Checkpoint inhibitors, such as PD1 inhibitors, represent an important pillar in the therapy of advanced malignancies of the head and neck region. The most relevant complications are immune-related adverse effects (irAEs), which represent an immense burden for patients. Currently, no sufficient stratification measures are available to identify patients at increased risk of irAEs. The aim of this retrospective study was to examine whether demographic, histopathological, clinical, or laboratory values at the start of CPI therapy represent a risk factor for the later occurrence of autoimmune complications.
Data from 35 patients between 2018 and 2021 who received therapy with nivolumab or pembrolizumab for head and neck malignancy were analyzed and assessed for any associations with the subsequent occurrence of irAEs.

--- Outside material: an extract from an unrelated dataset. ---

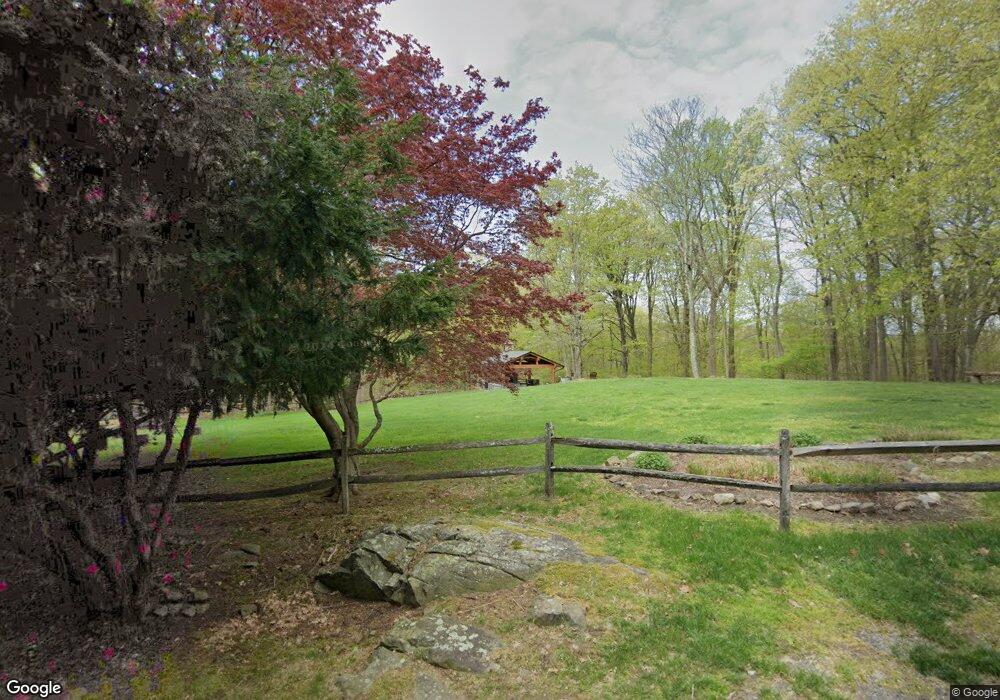 25 Sunset Ln, Croton On Hudson, NY 10520 - photo 1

IrAE developed in 37% of patients, with pneumonitis being the most common form (14%). Pneumonitis was found in patients with an average significantly lower T-stage of primary tumors. An increase in basophilic leukocytes was found in patients with dermatitis later in the course. When thyroiditis developed later, the patients had a higher CPS score and lower monocyte levels.
Even though individual laboratory values at the beginning of therapy might show a statistical association with the later occurrence of irAEs, neither demographic, histopathological, nor laboratory chemistry values seem to be able to generate a sound and reliable risk profile for this type of complication. Therefore, patients need to be educated and sensitized to irAEs, and regular screening for irAEs should be carried out.